Pero no solo las circunstancias sociológicas habían cambiado y los ricos del imperio cebados en la política, en los organismos de Estado y en los macronegocios estatales e internacionales no eran los ricos de antes, sino que Jesús ofrecía algo mucho más allá de lo que cualquiera podía obtener por su propias fuerzas: la Vida de Dios. Eso nadie lo puede comprar, solo humildemente recibir, a lo pordiosero, a lo niño.

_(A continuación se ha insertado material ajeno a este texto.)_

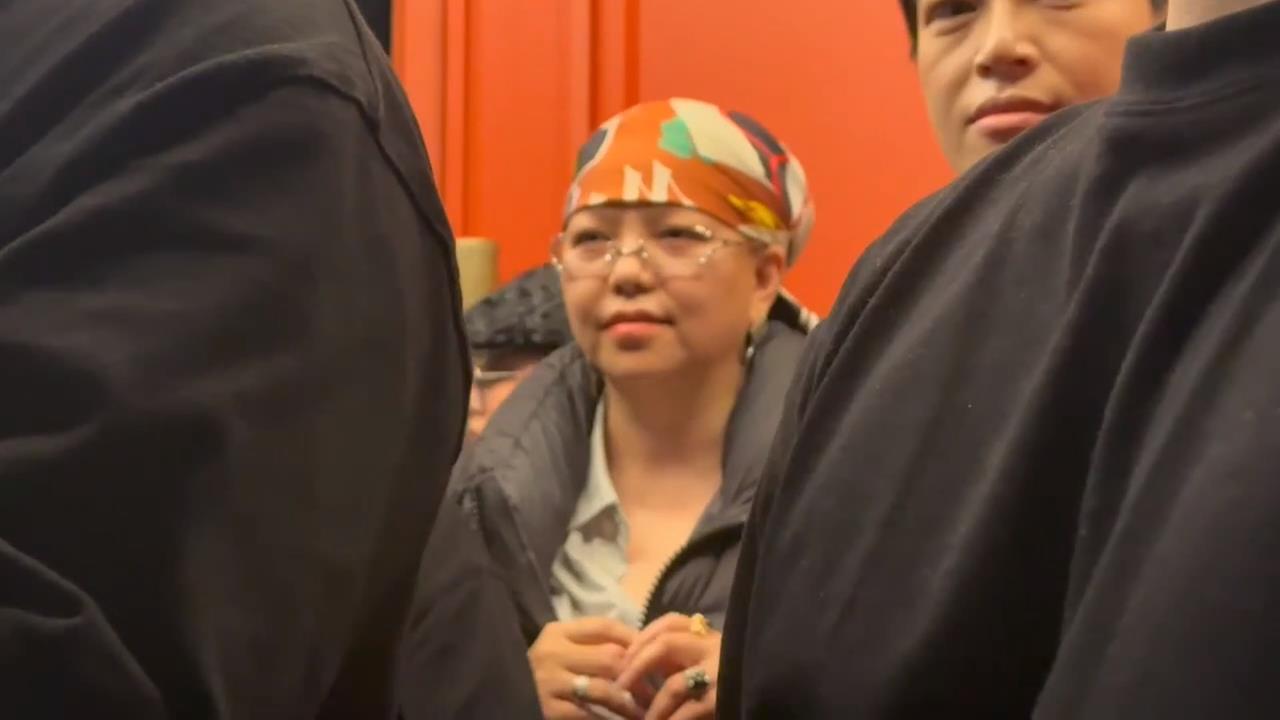 張惠妹出席男友酒吧開幕「炸寒單祈福」　台東炸寒單意外1人傷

El hombre acostumbrado a pagar todo lo que obtiene o quiere obtener; el rico habituado a que, gracias a sus riquezas, se le abren las puertas del poder, del placer, del respeto y consideración de los demás, puede tender, sin darse cuenta, a la autosuficiencia, de tal modo que, al final, solo aprecia lo que puede adquirir con sus fuerzas y sus bienes y, orgullosamente, despreciar lo que se recibe gratis o lo que para conseguir tiene que rebajarse a pedir, a suplicarlo, a aceptarlo como un pobre. Y, por eso, cerrarse a la gracia. El que busca solo lo que es posible para él, nunca alcanzará aquello que solo es posible para Dios.
Dios no quiere clientes que lo adulen, ni que le den grandes títulos, ni que le digan 'Señor, Señor', ni 'maestro Bueno', sino corazones humildes que estén dispuestos a dejarse llevar por Jesús, sin ninguna clase de reticencias, a donde Él los llame, para regalarles el cielo.